Наконец – версия Н. Евреинова, которая вобрала в себя многое из того, о чем шла речь. Слово «жизнь» в нашей формуле Евреинов истолковывает с космологической широтой. «Человеку присущ инстинкт, о котором, несмотря на его неиссякаемую жизненность, ни история, ни психология, ни эстетика не говорили до сих пор ни слова. – Я имею в виду инстинкт преображения, инстинкт противопоставления образам, принимаемым извне, образов, произвольно творимых человеком, инстинкт трансформации видимостей Природы, достаточно ясно раскрывающий свою сущность в понятии „театральность“»[198].

Евреинов выводит «инстинкт трансформации» из самой биологической реальности, из природы живого (посвящая много страниц и целые труды рассмотрению театральности в мире животных и растений). Поэтому для него нет проблемы создания нового театра. Театр не надо выдумывать, он уже есть, и надо только отдаться стихии игры (что, впрочем, нетривиальная задача в мире культуры, где, не устает возмущаться Евреинов, от театра все время требуют, чтобы он был чем‑то другим). «Преэстетизм театральности – вот лозунг, одним ударом сталкивающий с мели тонкой эстетики застрявший корабль нашего театра вместе с экипажем, завороженным песнями ее предательских сирен <…> И какое мне (черт возьми!) дело до всех эстетик в мире, когда для меня сейчас самое важное – стать другим и делать другое, а потом уже хороший вкус, удовольствия картинной галереи, подлинность музея, чудо техники изысканного контрапункта!..»[199]

Призыв «отеатралить жизнь» не стоит, однако, полностью отождествлять с духом карнавала, охватившим какую‑то часть Серебряного века. Действительно, эта стихия дала невероятное разнообразие театрализованных форм коммуникации[200]. Но Евреинова интересует бытийно‑природная первооснова, доэстетическая субстанция театра: «…именно в эволюции человеческого духа развитие чувства театральности постоянно предшествует развитию эстетического чувства. Этому учит нас история культуры, это именно подсказывает нам и анализ обоих чувств, в результате которого признание большей тонкости и сложности остается за эстетическим чувством. <…> Театральное искусство уже потому преэстетического, а не эстетического характера, что трансформация, каковой является по существу театральное искусство, примитивнее и доступнее, чем формация, каковой по существу является эстетическое искусство. И я думаю, что в истории культуры именно театральность была некоего рода пред‑искусством, понимая последнее в общепризнанном смысле»[201].

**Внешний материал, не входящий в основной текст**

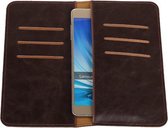 Mocca Pull-up Large Pu portemonnee wallet voor Samsung Galaxy Note 5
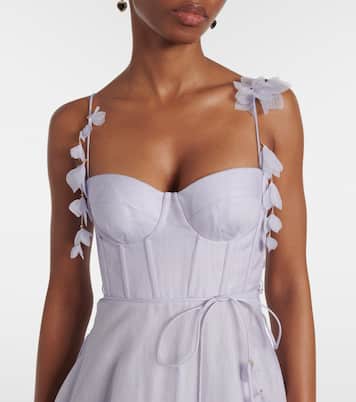 Natura linen and silk corset dress | Zimmermann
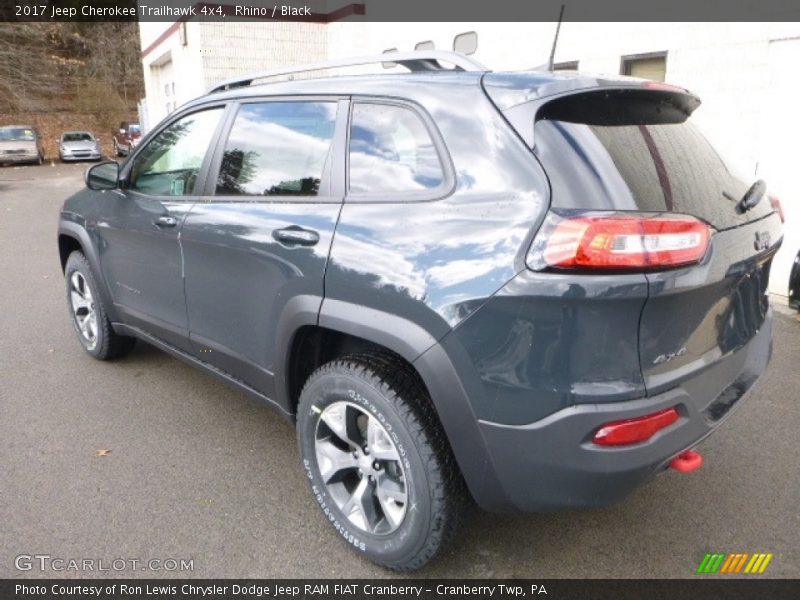 Rhino / Black 2017 Jeep Cherokee Trailhawk 4x4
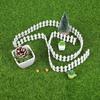 100CM Mini Wooden Fence Fairy Garden Fence Miniature DIY Fairy Garden Accessories Wood Barrier Dollhouse Home Craft Decoration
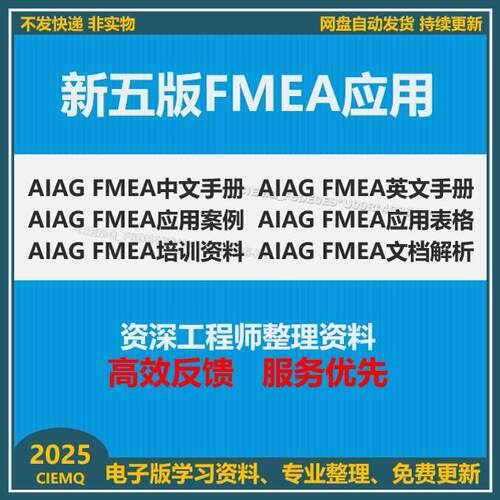 FMEA第五版手册模板应用表格案例DFMEA讲解例PPT资料FMEA手册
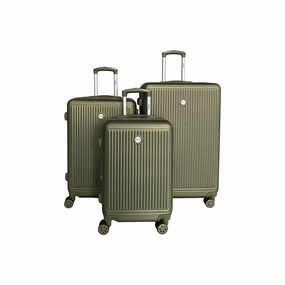 Izod Clara 3-Pc. Hardside Expandable Luggage Set - OLIVE ONE SIZE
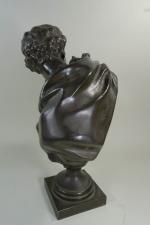 D'après  HOUDON Jean Antoine (1741-1828) : Le baiser, sculpture...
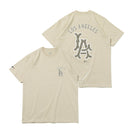 半袖 コットン Tシャツ Cooperstown Apparel クーパーズタウン ロサンゼルス・エンゼルス グレージュ レギュラーフィット - 13516795-S | NEW ERA ニューエラ公式オンラインストア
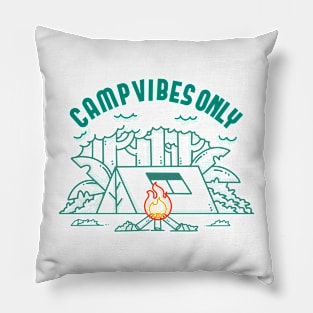 Camp Vibes Only Pillow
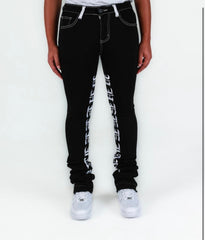 PHEELINGS - "AGAINST ALL ODDS" FLARE STACK DENIM - BLACK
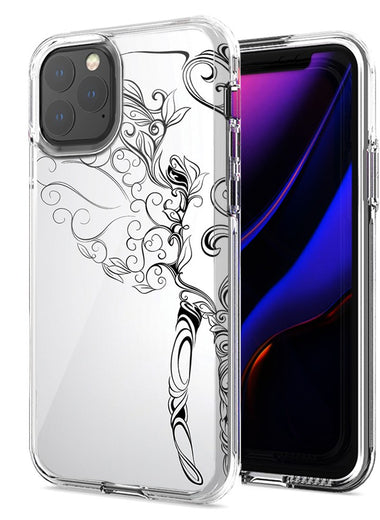 Apple iPhone 12 Pro 6.1" Abstract Elephant Design Double Layer Phone Case Cover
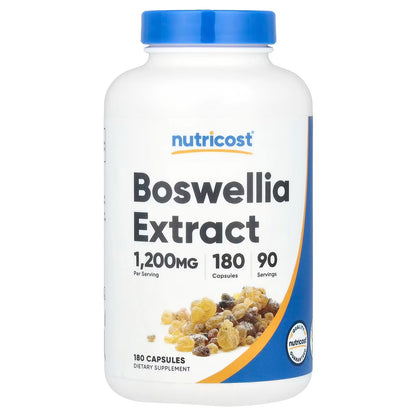 Nutricost Boswellia Extract – 180 Vegan Capsules, 90 Servings, Gluten-Free & GMO-Free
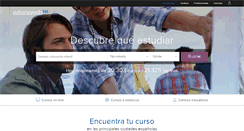 Desktop Screenshot of educaweb.com
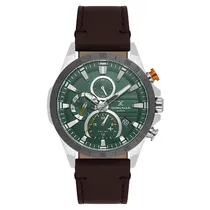 Relogio Analógico Masculino Daniel Klein DK.1.13993-3 Exclusive Gent / Pulseira de Couro - Marrom/Preto/Verde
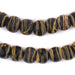 Black & Yellow Antique Venetian Rattlesnake Trade Beads #10507 - The Bead Chest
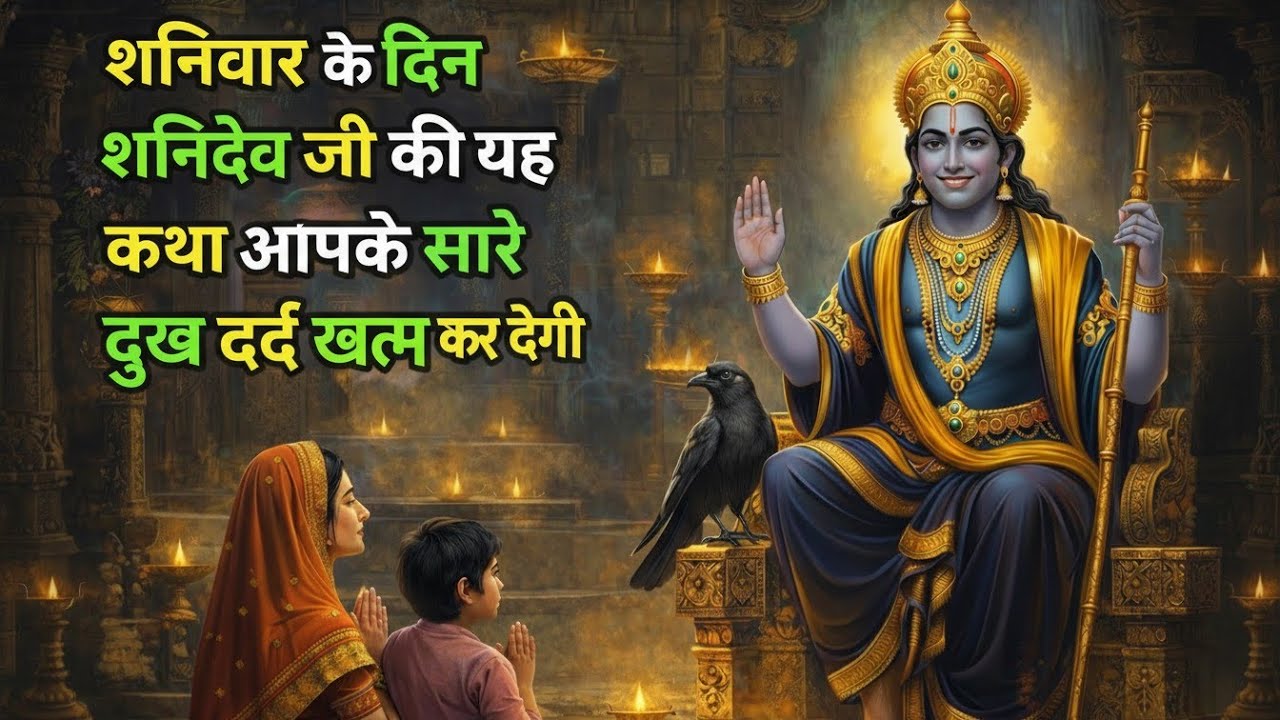 शनिदेव जी की यह कथा एक बार सुनने से आपके और आपके परिवार से सारी बुरी नजर खत्म हो जाती है | Shanidev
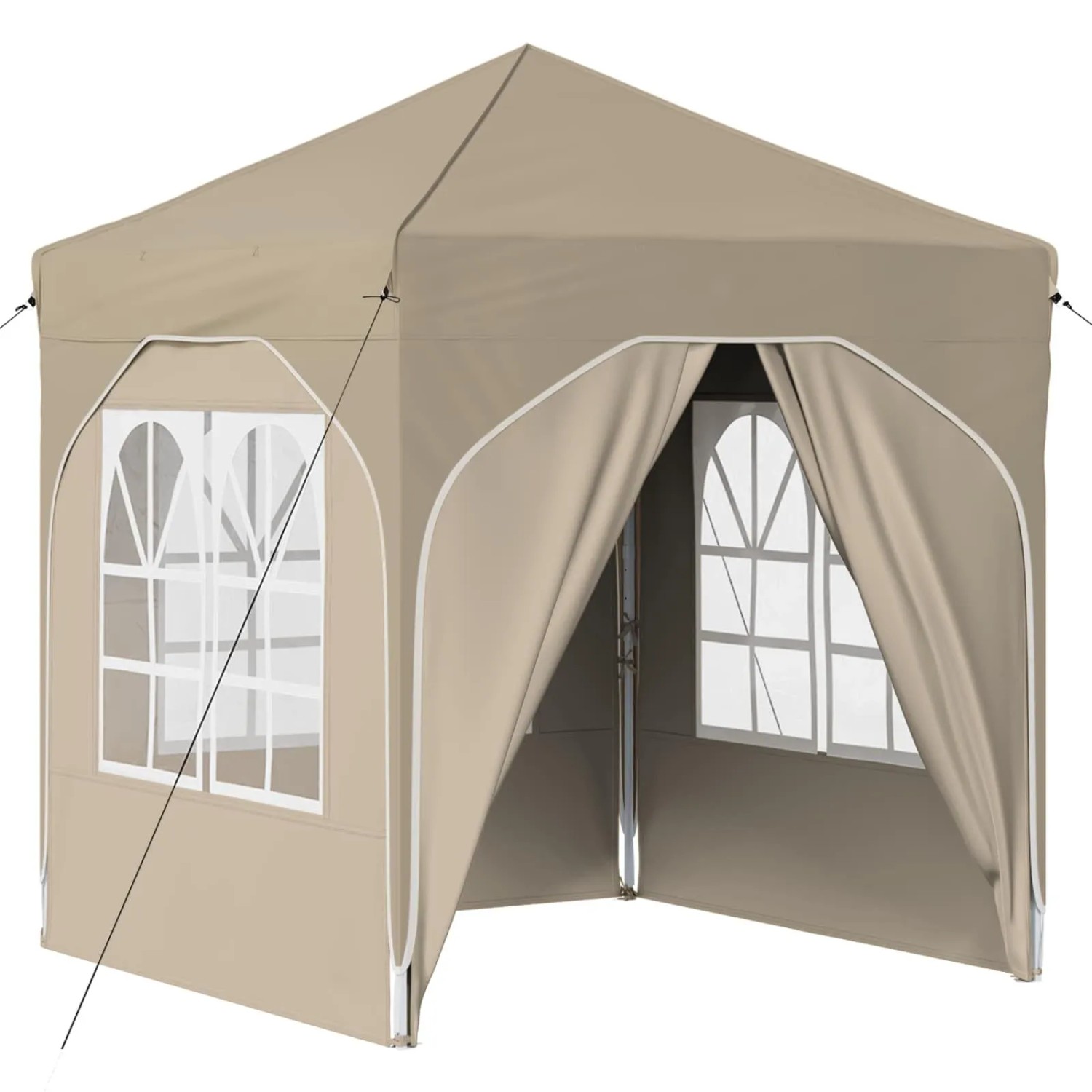vidaXL Pop-Up Partyzelt 192 x 192 x 245 cm Creme 42019834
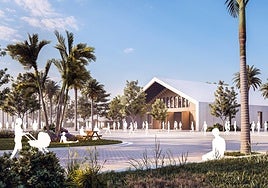 Las obras del parque de La Magdalena en San Fernando avanzan a buen ritmo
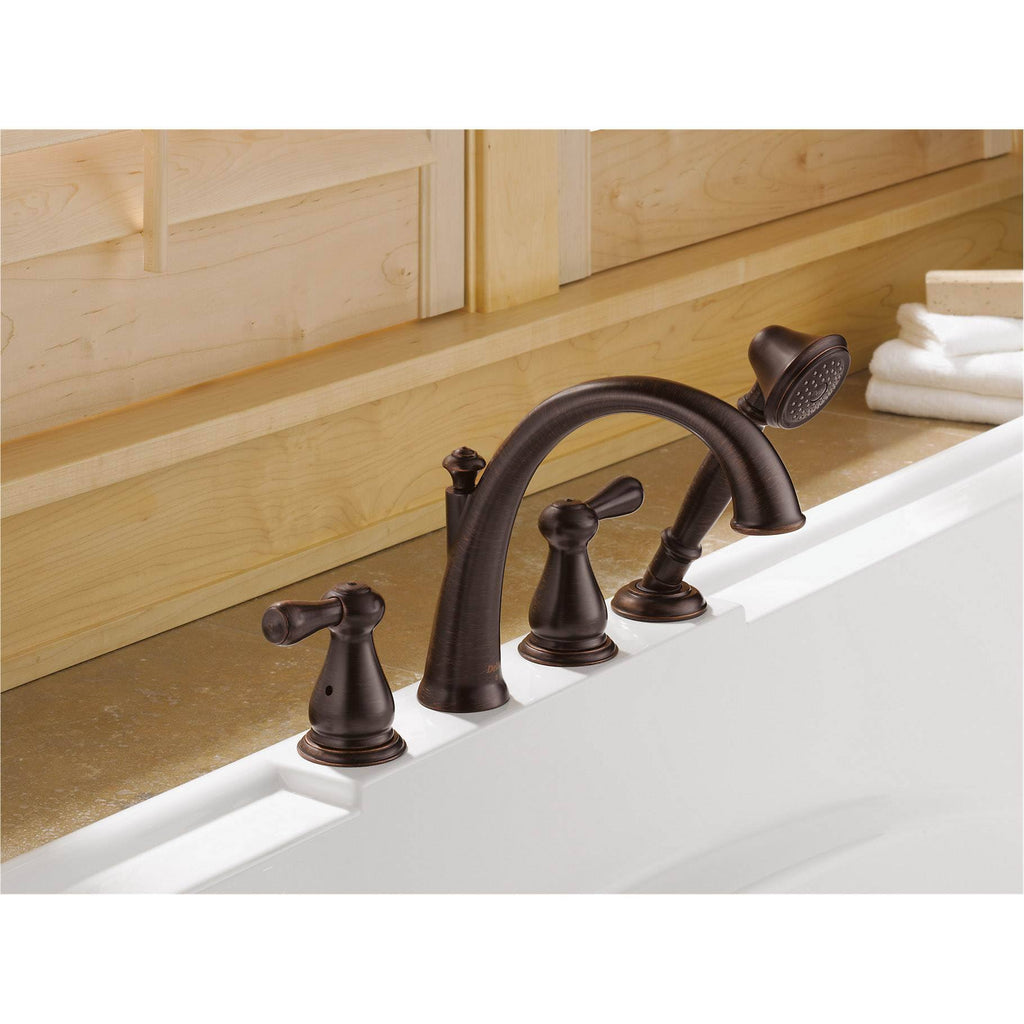 Venetian Bronze Roman Tub Faucet Trim with Hand Shower K887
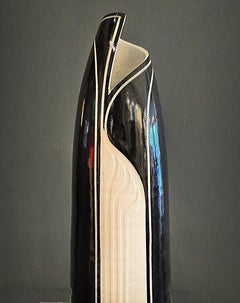 1989 Tall Memphis Milano Style Studio Pottery Bud Vase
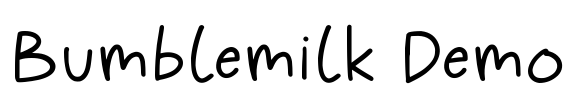 Bumblemilk Demo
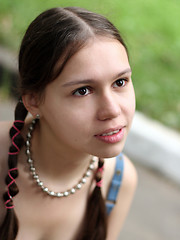 Image showing Girl with braids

Евреинов здесь утверждает онтологию игры, пожалуй, даже более радикально, чем Хёйзинга. Ведь у Евреинова театральная игра – не ослабленный вариант серьезного дела, а его метафизический источник, поскольку в основе жизни в широком смысле лежит способность к трансформации. Евреинов, со свойственным ему пафосом безоглядной и безответственной игры, выглядит большим индивидуалистом, чем другие совопросники Серебряного века. Но ведь можно увидеть здесь и крайний радикализм поклонения метаморфозам природной стихии, и радикальную свободу от социальных масок… Зыбкость границ и позиций – вполне в духе той эпохи. Во всяком случае, мотто Евреинова «Не быть самим собой!» – это не бюргерский индивидуализм.

Четыре рассмотренных здесь толкования метафоры «жизнь – театр» выглядят как оппозиции, но можно увидеть и корневую интуицию: если классическая версия оценивает мир с оттенком субмиссии, говоря, что мир это всего лишь театр, то Серебряный век склонен к сублимации; это настроение ближе Плотину с его пафосом воплощения Блага[202], но в целом оно далеко и от античной статики, и от барочной динамики. Театральная сущность жизни и культуры, усмотренная мыслителями Серебряного века, дает им надежду стать творцами своей самости и своей истории, а не исполнителями от века предначертанной драмы.

 

«Вехи» о религиозном смысле культуры

 

Публицистическая критика, встретившая «Вехи» шквалом откликов и оценок, с самого начала отметила неслучайность замысла и композиции сборника, его стремление к системности и полноте «покаяния» как в отношении отрицания, так и в отношении утверждения идеалов. Обращали внимание даже на символичность семерки – числа авторов, представляющего своего рода полноту спектра. Так, А. Пешехонов репрезентирует сборник следующим словами: «Г. Бердяев взялся опорочить русскую интеллигенцию в философском отношении. Г. Булгаков должен был обличить ее с религиозной точки зрения. Г. Гершензон принял на себя труд изобразить ее психическое уродство. Г. Кистяковский взялся доказать ее правовую тупость и неразвитость. Г. Струве – ее политическую преступность. Г. Франк – моральную несостоятельность. Г. Изгоев – ее педагогическую неспособность»[203]. Дм. Мережковский в газетной статье «Семь смиренных» пишет: «Для Бердяева спасение русской интеллигенции в „религиозной философии“; для Франка – в „религиозном гуманизме“; для Булгакова – в „христианском подвижничестве“; для Струве – в „государственной мистике“; для Изгоева – в „любви к жизни“; для Кистяковского – в „истинном правосознании“; для Гершензона – в старании сделаться „человеком“ из „человекоподобного чудовища“»[204].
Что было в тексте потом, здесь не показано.